INPUT DATA |
********
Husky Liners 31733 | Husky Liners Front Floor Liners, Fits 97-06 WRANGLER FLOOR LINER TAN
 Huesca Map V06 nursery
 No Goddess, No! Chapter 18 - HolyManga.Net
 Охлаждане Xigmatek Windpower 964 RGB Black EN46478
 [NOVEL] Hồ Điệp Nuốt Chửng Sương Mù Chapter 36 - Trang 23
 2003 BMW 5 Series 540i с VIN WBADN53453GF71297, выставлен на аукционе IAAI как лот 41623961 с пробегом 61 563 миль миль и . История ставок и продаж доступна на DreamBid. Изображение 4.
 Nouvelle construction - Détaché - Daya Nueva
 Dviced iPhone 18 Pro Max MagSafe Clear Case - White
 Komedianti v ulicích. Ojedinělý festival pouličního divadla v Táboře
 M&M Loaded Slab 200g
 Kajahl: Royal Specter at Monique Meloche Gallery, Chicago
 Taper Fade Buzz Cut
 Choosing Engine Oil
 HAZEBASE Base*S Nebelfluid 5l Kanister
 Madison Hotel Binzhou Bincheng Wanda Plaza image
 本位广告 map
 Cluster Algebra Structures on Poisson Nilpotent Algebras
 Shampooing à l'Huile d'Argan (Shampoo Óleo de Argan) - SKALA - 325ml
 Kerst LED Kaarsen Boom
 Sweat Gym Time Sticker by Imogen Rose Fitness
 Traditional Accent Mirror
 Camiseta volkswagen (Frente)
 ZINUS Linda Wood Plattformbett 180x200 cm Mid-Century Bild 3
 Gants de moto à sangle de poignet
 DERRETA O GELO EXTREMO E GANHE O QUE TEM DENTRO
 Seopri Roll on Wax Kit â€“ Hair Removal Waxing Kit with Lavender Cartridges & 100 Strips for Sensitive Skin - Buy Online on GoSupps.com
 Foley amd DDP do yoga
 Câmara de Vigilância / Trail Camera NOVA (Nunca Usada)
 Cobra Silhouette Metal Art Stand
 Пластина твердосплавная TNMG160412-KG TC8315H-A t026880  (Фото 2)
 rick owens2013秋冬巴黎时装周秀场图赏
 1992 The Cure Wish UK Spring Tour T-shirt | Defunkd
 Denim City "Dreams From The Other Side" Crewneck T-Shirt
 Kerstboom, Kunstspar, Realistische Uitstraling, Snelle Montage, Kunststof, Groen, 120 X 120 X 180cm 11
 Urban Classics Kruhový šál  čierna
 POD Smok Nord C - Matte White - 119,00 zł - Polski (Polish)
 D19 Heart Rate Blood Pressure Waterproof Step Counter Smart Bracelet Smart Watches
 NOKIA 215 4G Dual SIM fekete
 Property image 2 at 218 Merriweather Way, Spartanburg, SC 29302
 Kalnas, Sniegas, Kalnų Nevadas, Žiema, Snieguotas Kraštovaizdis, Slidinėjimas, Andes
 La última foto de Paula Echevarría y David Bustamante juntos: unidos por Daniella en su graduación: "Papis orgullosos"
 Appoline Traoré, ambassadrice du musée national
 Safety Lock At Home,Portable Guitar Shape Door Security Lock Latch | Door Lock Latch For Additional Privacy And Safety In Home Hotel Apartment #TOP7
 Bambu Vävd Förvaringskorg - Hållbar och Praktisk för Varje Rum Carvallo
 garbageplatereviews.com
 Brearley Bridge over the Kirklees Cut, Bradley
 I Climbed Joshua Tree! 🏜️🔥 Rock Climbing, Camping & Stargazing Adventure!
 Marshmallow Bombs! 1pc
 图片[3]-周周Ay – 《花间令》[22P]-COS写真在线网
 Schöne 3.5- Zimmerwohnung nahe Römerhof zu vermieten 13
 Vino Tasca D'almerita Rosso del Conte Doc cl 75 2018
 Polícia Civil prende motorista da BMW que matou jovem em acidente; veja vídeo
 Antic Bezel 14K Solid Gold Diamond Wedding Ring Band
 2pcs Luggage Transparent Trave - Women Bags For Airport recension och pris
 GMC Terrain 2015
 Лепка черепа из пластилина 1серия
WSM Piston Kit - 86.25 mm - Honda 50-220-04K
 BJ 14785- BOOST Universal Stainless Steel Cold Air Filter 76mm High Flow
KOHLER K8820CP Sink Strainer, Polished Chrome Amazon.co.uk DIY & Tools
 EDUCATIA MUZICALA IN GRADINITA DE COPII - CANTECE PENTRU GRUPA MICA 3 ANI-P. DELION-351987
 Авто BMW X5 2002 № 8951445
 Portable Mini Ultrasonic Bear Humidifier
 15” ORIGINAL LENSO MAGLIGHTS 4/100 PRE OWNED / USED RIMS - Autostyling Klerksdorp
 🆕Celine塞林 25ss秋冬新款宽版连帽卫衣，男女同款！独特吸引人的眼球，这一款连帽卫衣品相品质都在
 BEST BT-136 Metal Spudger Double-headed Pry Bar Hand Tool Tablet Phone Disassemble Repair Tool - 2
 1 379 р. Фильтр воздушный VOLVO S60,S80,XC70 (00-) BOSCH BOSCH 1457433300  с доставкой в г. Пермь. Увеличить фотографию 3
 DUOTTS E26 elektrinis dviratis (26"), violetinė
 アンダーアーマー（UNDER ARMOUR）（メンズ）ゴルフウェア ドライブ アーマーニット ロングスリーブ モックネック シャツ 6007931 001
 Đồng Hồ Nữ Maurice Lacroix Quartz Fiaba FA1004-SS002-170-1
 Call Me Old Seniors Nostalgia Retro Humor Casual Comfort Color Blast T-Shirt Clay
********
For this task, write out exactly the lines of the entries above, starting at the line with "NOKIA 215 4G Dual SIM fekete" and ending at the line with "Vino Tasca D'almerita", both included, and no others.

SOLUTION TO THIS EXERCISE |
 NOKIA 215 4G Dual SIM fekete
 Property image 2 at 218 Merriweather Way, Spartanburg, SC 29302
 Kalnas, Sniegas, Kalnų Nevadas, Žiema, Snieguotas Kraštovaizdis, Slidinėjimas, Andes
 La última foto de Paula Echevarría y David Bustamante juntos: unidos por Daniella en su graduación: "Papis orgullosos"
 Appoline Traoré, ambassadrice du musée national
 Safety Lock At Home,Portable Guitar Shape Door Security Lock Latch | Door Lock Latch For Additional Privacy And Safety In Home Hotel Apartment #TOP7
 Bambu Vävd Förvaringskorg - Hållbar och Praktisk för Varje Rum Carvallo
 garbageplatereviews.com
 Brearley Bridge over the Kirklees Cut, Bradley
 I Climbed Joshua Tree! 🏜️🔥 Rock Climbing, Camping & Stargazing Adventure!
 Marshmallow Bombs! 1pc
 图片[3]-周周Ay – 《花间令》[22P]-COS写真在线网
 Schöne 3.5- Zimmerwohnung nahe Römerhof zu vermieten 13
 Vino Tasca D'almerita Rosso del Conte Doc cl 75 2018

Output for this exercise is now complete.